▶ [Problem to solve]:
Needed from the data below: every line from the one with "66 Westview Drive — photo 23" up to and including the one with "Certified 2017 Chrysler", repeated exactly and with nothing else.
:::::
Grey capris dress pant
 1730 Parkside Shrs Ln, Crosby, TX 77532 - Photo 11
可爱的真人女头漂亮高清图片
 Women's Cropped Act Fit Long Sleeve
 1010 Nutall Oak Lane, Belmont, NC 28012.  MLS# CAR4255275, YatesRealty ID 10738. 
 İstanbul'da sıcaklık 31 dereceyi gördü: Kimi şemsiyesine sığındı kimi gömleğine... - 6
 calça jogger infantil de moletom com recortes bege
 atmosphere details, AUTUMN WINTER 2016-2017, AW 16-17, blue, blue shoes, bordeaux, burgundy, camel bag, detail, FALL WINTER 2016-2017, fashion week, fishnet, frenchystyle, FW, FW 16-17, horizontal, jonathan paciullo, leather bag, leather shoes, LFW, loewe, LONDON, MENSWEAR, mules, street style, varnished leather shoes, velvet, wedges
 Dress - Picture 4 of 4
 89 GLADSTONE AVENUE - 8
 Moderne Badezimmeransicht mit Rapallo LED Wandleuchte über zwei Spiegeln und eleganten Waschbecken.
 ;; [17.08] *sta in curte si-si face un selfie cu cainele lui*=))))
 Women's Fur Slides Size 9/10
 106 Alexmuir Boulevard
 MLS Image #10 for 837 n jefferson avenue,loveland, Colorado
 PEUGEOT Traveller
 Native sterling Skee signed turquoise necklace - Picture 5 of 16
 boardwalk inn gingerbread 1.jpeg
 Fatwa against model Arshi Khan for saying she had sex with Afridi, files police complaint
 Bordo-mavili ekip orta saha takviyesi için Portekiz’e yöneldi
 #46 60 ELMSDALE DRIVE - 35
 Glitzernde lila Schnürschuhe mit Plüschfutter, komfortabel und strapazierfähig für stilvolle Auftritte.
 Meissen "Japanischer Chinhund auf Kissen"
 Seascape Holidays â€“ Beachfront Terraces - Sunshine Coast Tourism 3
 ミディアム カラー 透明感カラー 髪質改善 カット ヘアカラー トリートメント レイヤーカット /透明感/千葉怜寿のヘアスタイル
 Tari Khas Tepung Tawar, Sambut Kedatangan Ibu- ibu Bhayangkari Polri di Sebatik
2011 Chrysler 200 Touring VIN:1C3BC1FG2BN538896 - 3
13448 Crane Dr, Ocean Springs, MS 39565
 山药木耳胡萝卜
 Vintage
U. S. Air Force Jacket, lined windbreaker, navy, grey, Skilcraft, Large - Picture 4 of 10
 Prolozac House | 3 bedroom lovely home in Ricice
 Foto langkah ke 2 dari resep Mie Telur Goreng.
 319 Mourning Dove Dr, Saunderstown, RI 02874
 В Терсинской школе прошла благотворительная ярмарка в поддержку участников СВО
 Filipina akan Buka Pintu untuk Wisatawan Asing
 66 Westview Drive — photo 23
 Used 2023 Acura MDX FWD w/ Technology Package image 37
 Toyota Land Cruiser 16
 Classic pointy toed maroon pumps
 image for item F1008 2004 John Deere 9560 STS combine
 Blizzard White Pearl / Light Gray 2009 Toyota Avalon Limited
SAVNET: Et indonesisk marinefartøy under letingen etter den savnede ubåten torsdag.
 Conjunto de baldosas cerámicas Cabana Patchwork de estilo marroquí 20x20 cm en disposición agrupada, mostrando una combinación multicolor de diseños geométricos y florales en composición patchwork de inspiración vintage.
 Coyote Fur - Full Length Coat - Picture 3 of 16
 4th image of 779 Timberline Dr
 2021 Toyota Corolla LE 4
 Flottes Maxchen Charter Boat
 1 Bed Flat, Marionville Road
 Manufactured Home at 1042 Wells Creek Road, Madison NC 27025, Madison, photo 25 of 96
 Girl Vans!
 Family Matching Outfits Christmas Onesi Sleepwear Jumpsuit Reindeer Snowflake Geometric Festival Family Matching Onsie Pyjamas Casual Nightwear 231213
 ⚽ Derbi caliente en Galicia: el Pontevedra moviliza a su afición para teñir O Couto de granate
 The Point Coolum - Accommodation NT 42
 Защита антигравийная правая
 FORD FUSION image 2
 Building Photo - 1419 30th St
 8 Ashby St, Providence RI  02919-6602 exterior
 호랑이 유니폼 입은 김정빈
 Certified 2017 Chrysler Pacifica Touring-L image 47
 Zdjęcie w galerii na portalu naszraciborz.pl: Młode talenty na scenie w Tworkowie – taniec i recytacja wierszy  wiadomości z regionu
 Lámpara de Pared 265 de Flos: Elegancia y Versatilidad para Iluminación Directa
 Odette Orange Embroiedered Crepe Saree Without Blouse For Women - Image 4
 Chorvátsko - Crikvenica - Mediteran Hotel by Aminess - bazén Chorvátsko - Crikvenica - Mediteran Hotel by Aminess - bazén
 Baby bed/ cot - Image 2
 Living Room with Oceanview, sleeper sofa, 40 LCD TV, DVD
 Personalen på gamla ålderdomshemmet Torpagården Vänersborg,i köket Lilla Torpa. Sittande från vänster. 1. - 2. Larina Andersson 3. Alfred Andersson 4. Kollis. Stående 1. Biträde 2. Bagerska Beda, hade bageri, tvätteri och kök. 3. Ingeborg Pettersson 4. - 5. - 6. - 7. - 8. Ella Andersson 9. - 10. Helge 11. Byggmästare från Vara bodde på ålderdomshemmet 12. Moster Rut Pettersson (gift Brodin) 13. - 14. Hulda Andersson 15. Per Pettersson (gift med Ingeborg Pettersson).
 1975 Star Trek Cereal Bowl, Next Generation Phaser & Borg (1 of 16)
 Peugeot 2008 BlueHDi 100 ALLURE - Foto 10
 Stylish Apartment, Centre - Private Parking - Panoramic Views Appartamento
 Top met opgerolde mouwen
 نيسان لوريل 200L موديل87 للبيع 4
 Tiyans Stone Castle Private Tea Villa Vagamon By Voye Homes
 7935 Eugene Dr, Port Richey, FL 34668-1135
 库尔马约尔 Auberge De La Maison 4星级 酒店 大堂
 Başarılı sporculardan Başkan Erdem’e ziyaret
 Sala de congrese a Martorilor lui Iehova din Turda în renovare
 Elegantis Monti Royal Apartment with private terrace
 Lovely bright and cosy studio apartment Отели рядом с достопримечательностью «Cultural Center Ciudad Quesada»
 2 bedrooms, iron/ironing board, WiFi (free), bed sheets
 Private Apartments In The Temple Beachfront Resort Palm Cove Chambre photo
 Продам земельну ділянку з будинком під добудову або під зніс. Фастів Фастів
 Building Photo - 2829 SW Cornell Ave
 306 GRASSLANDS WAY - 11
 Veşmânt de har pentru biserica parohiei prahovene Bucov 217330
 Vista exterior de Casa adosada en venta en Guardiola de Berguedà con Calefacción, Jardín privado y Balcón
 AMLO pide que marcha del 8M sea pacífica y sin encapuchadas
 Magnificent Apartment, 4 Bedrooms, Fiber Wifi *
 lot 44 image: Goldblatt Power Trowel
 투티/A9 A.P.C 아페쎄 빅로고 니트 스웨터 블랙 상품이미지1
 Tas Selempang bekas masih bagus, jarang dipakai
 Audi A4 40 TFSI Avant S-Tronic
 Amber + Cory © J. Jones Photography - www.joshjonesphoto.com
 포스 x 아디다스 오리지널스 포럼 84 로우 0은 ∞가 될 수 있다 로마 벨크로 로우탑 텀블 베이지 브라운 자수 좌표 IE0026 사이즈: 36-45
:::::
▶ [Written solution]:
 66 Westview Drive — photo 23
 Used 2023 Acura MDX FWD w/ Technology Package image 37
 Toyota Land Cruiser 16
 Classic pointy toed maroon pumps
 image for item F1008 2004 John Deere 9560 STS combine
 Blizzard White Pearl / Light Gray 2009 Toyota Avalon Limited
SAVNET: Et indonesisk marinefartøy under letingen etter den savnede ubåten torsdag.
 Conjunto de baldosas cerámicas Cabana Patchwork de estilo marroquí 20x20 cm en disposición agrupada, mostrando una combinación multicolor de diseños geométricos y florales en composición patchwork de inspiración vintage.
 Coyote Fur - Full Length Coat - Picture 3 of 16
 4th image of 779 Timberline Dr
 2021 Toyota Corolla LE 4
 Flottes Maxchen Charter Boat
 1 Bed Flat, Marionville Road
 Manufactured Home at 1042 Wells Creek Road, Madison NC 27025, Madison, photo 25 of 96
 Girl Vans!
 Family Matching Outfits Christmas Onesi Sleepwear Jumpsuit Reindeer Snowflake Geometric Festival Family Matching Onsie Pyjamas Casual Nightwear 231213
 ⚽ Derbi caliente en Galicia: el Pontevedra moviliza a su afición para teñir O Couto de granate
 The Point Coolum - Accommodation NT 42
 Защита антигравийная правая
 FORD FUSION image 2
 Building Photo - 1419 30th St
 8 Ashby St, Providence RI  02919-6602 exterior
 호랑이 유니폼 입은 김정빈
 Certified 2017 Chrysler Pacifica Touring-L image 47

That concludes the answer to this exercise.